Regulating the local electron density and adsorption energy of COF-based single copper sites for highly efficient Fenton-like photo-oxidation

Abstract

Highly efficient single-atom catalysts (SACs) hold great potential for promoting peroxymonosulfate (PMS) activation to facilitate organic pollutant degradation but precisely regulating and enhancing their catalytic efficiency remains a challenge. Here, single Cu atom catalysts anchored on a series of ketoenamine-based covalent organic frameworks (COFs) were developed as PMS activators via a facile dielectric barrier discharge (DBD) plasma and wet chemical method. Based on the systematic engineering of photoelectric structures at the molecular level, the charge distribution was precisely regulated by introducing different functional groups (Cu@TpPa-X, where X= -(CH₃)₂, -H, -CN).
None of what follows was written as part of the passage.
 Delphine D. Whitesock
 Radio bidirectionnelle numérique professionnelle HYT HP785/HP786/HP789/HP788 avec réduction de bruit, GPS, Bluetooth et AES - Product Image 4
Among the obtained materials, Cu@TpPa-(CH₃)₂ possesses the best photocatalytic capability, and the mineralization (90%) of carbamazepine (CBZ) and the reaction rate constant (0.322 min⁻¹) are comparable to those of the most advanced photocatalysts. Experiments and calculations demonstrate that the introduction of individual metal atoms increases the electron density at the active centre, and electron-donating groups accelerate the transfer of photogenerated carriers and improve the PMS adsorption to the material, which significantly improves the overall oxidation and mineralization kinetics. This work pioneers a novel approach for tailoring high-efficiency COF-based SACs, thus broadening their potential applications in photocatalysis.